The desperation of the good thief is obvious. He, like Jesus, is literally in his last minutes of life. He probably thinks of past opportunities which, if taken, might have changed his destiny and avoided this brutal execution. But now his death is certain, and his hope is gone. What choices can he make as life slips away? He only sees one possibility. It is a long shot, but he takes it. He asks the crucified man next to him to bless him: “Jesus, remember me when you come into your kingdom.” The request is stunning in its intimacy. This is the only place in the gospels where Jesus is addressed by his personal name without any additional title. Only desperation and a wild courage could explain such a daring approach.

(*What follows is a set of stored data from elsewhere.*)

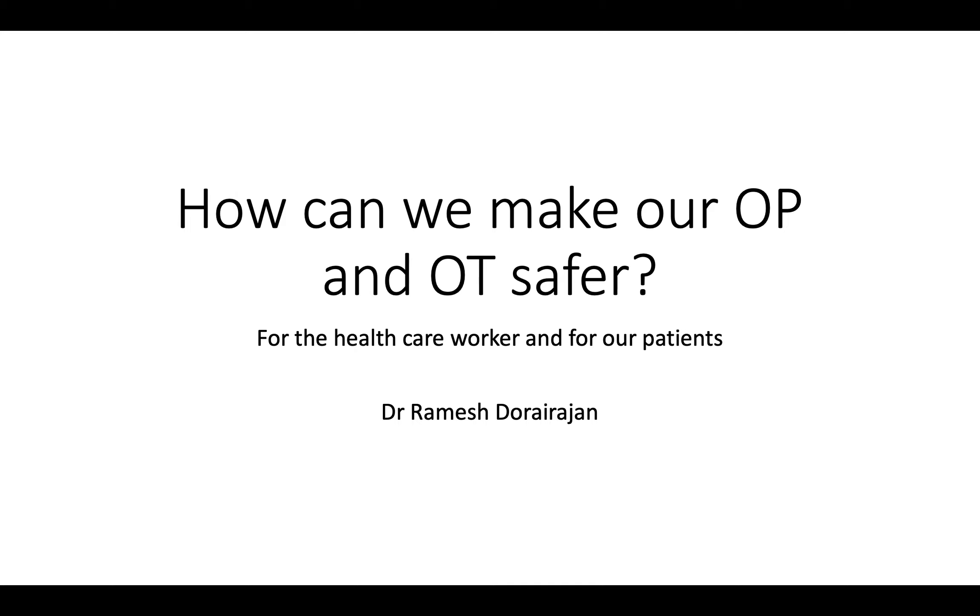A SurveyMonkey poll of the members of MCOA found that 20% of members are not doing cataract surgeries and about 10% have not started outpatient consultations. So how can we make our outpatient data safer both for us the healthcare workers, who are at great risk, and for our patients who sometimes have to spend a long time within the hospital premises?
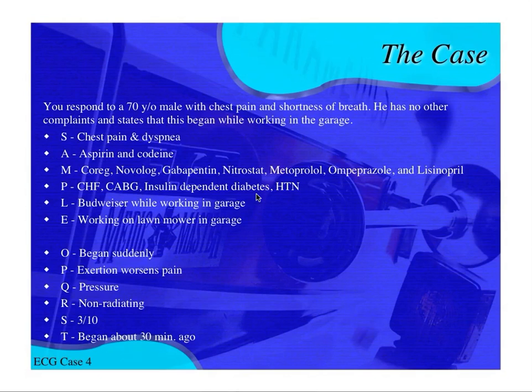His medications include Coreg — a beta blocker many CHF patients are on — Novolog, which is insulin, Gabapentin which is Neurontin for neuropathy, Nitrostat which is home nitroglycerin, Metoprolol which is another beta blocker for hypertension, Omeprazole which is Prilosec for GERD, and Lisinopril which is an ACE inhibitor usually for congestive heart failure and hypertension.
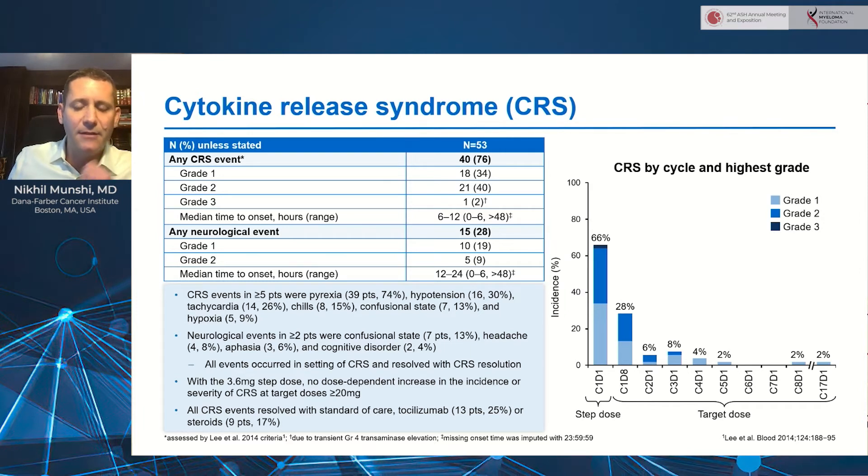There were 53 patients treated to date in this step-up cohort at the time of data cutoff. The median prior lines was six. 72% were triple-class refractory, 45% pentarefractory, 21% had prior BCMA therapy, and 88% had at least one high-risk cytogenetic abnormality, although that included a gain of 1Q.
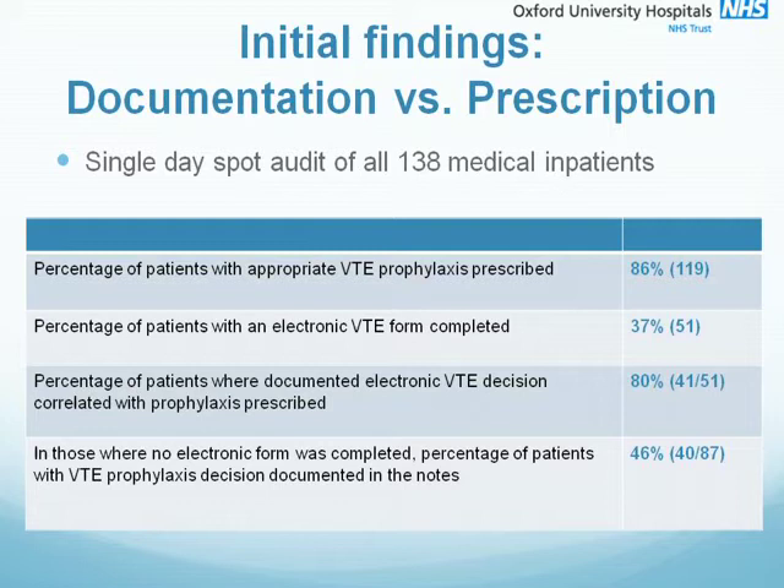This is an obvious absence of record keeping and raises concerns regarding patient safety and clinician accountability. The electronic form not only enables the trust to record reliably that patients had a VTE assessment, but also holds clinicians accountable to the decisions that they make, improving patient safety. The results of this spot audit encouraged us that our audit should focus on documentation rather than on the prescription of prophylaxis.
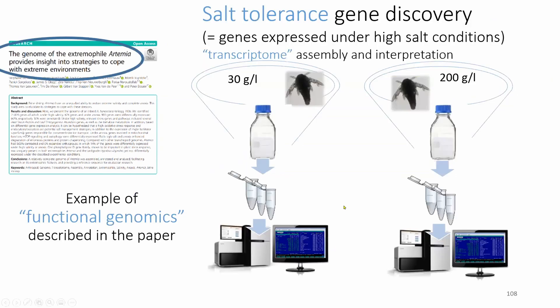The next slide gives one example from the paper. The authors analyzed which genes are expressed under two different salt conditions: standard salt conditions of 30 grams per liter and high salt conditions. As Gonzalo mentioned, 670 genes were found to be differentially expressed. Of these 670 genes, 32% have no known function yet — we can see they are differently expressed under the two conditions, but we don't know what they do. So there is still work to be done.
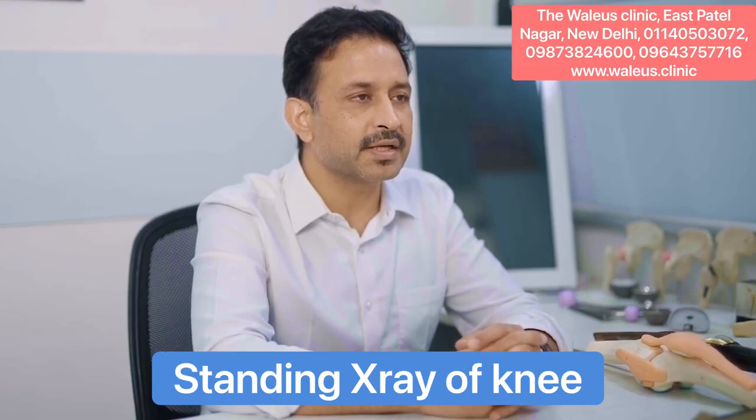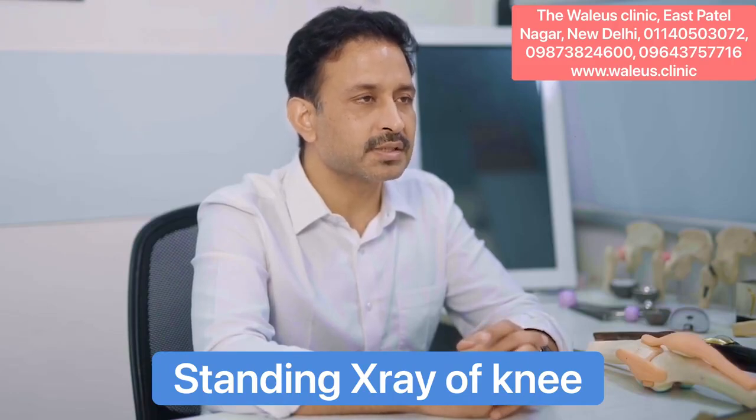Most of these patients would benefit by a total knee replacement surgery, but before we do the surgery, we have to plan it. We do a standing weight-bearing X-ray to assess the amount of bone loss so that we can plan the type of prosthesis needed. Sometimes they need additional components to be put in the knee replacement surgery, depending on the type of bone loss they have.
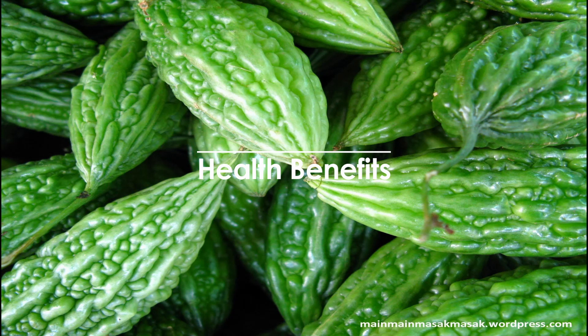Health Benefits. 1. Promotes Good Digestion: Bitter gourd helps in reducing intestinal disorders and stomach ailments. Consuming bitter gourd on a regular basis helps in improving the overall digestive health of the body. 2. Asthma Relief: Bitter gourd has antiviral, anti-inflammatory,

Jesus’ response is even more astounding. With a graciousness beyond any expectation, he promises the man union with him in Paradise. Luke, from the beginning of his gospel, continually asserts God’s power to save the lowly and forgotten. You can hear it clearly in Mary’s Magnificat. You can see it in the surprised faces of the prodigal son and the man rescued by a Samaritan. You can detect it the joy of Lazarus as he rests in Abraham’s bosom and in the wonder of the slave of the high priest whose severed ear has been healed by the man he came to arrest. But no one could have been more unprepared than this crucified criminal to discover that he—the most unlikely of all candidates—would be the first to share eternal union with Christ.
In this passage Luke encapsulates his view of salvation. It does not depend on our goodness, only on God’s gracious love. In fact, God comes first to those who are desperate and lost. Therefore, it is never too late. Whatever we have done, whatever doubt, discouragement, or pain we must face, hope is close at hand. We must learn what the good thief discovered. Our salvation is near.
He is hanging on the cross next to us.